If Todd and Janelle had left their hearts in San Francisco -- only to find them again in the same exact spot -- they aren't alone. Romantic reunions with past partners are more common than ever due to the ease of finding people online. Before the Internet, locating a lost love required a library of phone books, a private detective or plenty of luck. The hunt was an act explicitly rife with feeling, a kind of public declaration.
Today, old lovers can type a name into Google. The act seems to be casual, whether it actually is or not. It's so easy to reconnect that many people look up old flames without appreciating what's at stake. Most of these romantic reunions, says California State University at Sacramento psychologist Nancy Kalish, are between first or early loves -- those relationships that took place between one's teens and early 20s.
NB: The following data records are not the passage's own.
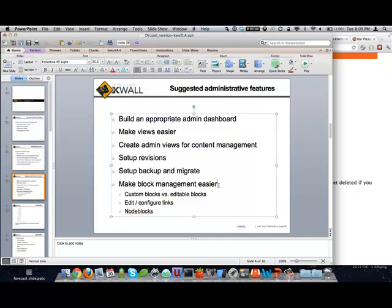The one thing Backup and Migrate doesn't store is cache data by default — that's on purpose because that's the big chunk of stuff you really don't need. It also doesn't store log files by default. You can turn all that on, but as automated backups go, those defaults make sense.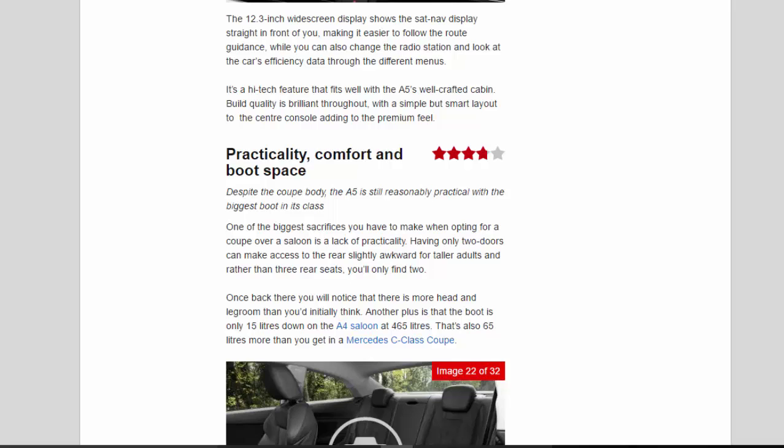Practicality, comfort, and boot space: 3.8 stars. Despite the coupe body, the A5 is still reasonably practical with the biggest boot in its class. One of the biggest sacrifices you have to make when opting for a coupe over a saloon is a lack of practicality.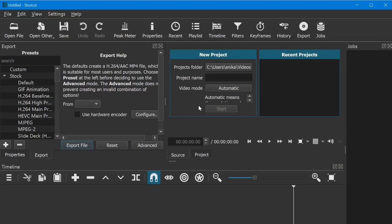Hey guys, it's me Anika, and today I am going to be showing you guys how to record a voiceover in Shotcut. You don't need any other app to record a voiceover — you can just use Shotcut, it's amazing.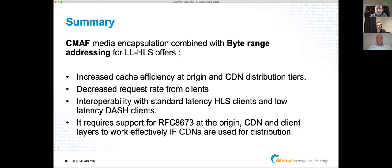For the edge case where we want to start a range-based response in the middle of a segment, we need an RFC convention to get past variance in CDN behavior. With that, I'll hand it over to Peter Jan to cover the player perspective.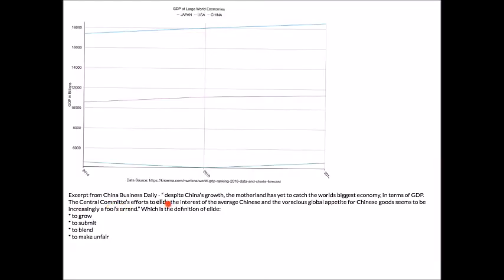Here is an excerpt from China Business Daily: 'Despite China's growth, the motherland has yet to catch the world's biggest economy in terms of GDP. The central committee's effort to allied the interest of the average Chinese and the voracious global appetite for Chinese goods seems to be increasingly a fool's errand.' The question asks: which of the following is the definition of the word 'allied' — bolded in the text? On the GED social studies test you'll be asked to define terms, making this a medium level question.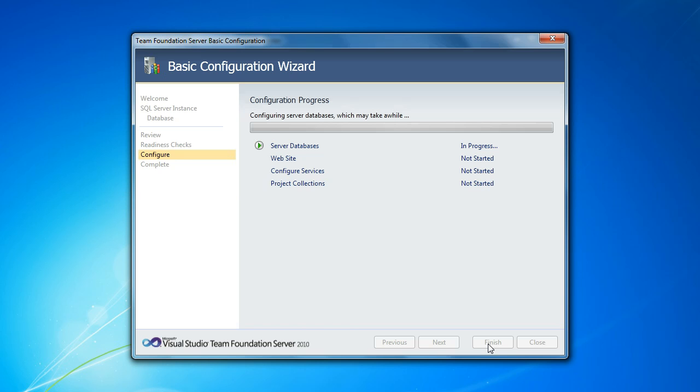So in this case, this is my laptop, so I'm not a very heavy-duty database server, but sufficient for this demonstration for sure. You'll see this taking a little while to configure those databases.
According to Kalish, the country's foremost expert in rekindled romance, lost-and-found romances are surprisingly successful, as long as both partners are not otherwise attached at the time they reconnect. In Kalish's initial sample of 1,000 lost-and-found lovers, ages 18 to 95, nearly three-quarters remained together after a decade of study. When these past lovers married each other, their divorce rate after four years tallied in at no more than 1.5 percent. Usually, second marriages are relatively fragile: In the public at large, nearly one-quarter of all couples who remarry get divorced again within five years.
How to explain the endurance of rekindled first love? "Many of the couples grew up together or shared friends and values," says Kalish. Whether they were from the same hometown or met in college, "they spent formative years together and became each other's standard for all romances since."
Yet for all the power and resilience of rekindled romance, Kalish has discovered a dark side. More of the encounters are now unpremeditated, and many of these people are swept away by feelings they didn't know they still had, placing marriages -- even good marriages -- at risk. In her latest sample, more than 60 percent of lost-love reunions involve affairs.
Nancy Kalish was teaching adolescent psychology at the University of California in San Francisco in 1993 when she began wondering about her college boyfriend. She got his phone number by writing to their alumni association, and that first contact reawakened their romance. She took a sabbatical and moved to New York to be with him; they got engaged. Yet problems emerged. Kalish found herself shocked and hurt the day he drove away, never to be heard from again.
At the time, Kalish assumed -- mistakenly as it turns out -- that most rekindled loves, like her own, were saddled with past problems and doomed to fail. Curious about the phenomenon, she decided to conduct a scholarly post mortem of her own relationship. She designed a questionnaire and began seeking a population to fill in the blanks.
Lost-and-found love affairs were common, she learned, and uncommonly successful. Most of the people Kalish met during her earliest research had been separated by circumstance: long distances and family moves, stints in the military, disapproving parents, the uncertainty of youth. The lost lovers felt their separation had been unjust, and now they finally had the chance to set things right.
"Those forced apart by parents harbored great anger," she says. "Some had put off marriage and even lost their chance to have children as a result." The reunions were often supremely vindicating. "He kept kissing my face at the airport, and after 20 years he was saying, 'You're beautiful, you look fabulous,' " one woman in Kalish's study recounted.
Such love may sound fantastical, sure to vaporize in the light of day, but Kalish says that nothing could be further from the truth. "These are love relationships that never ended, not fantasies."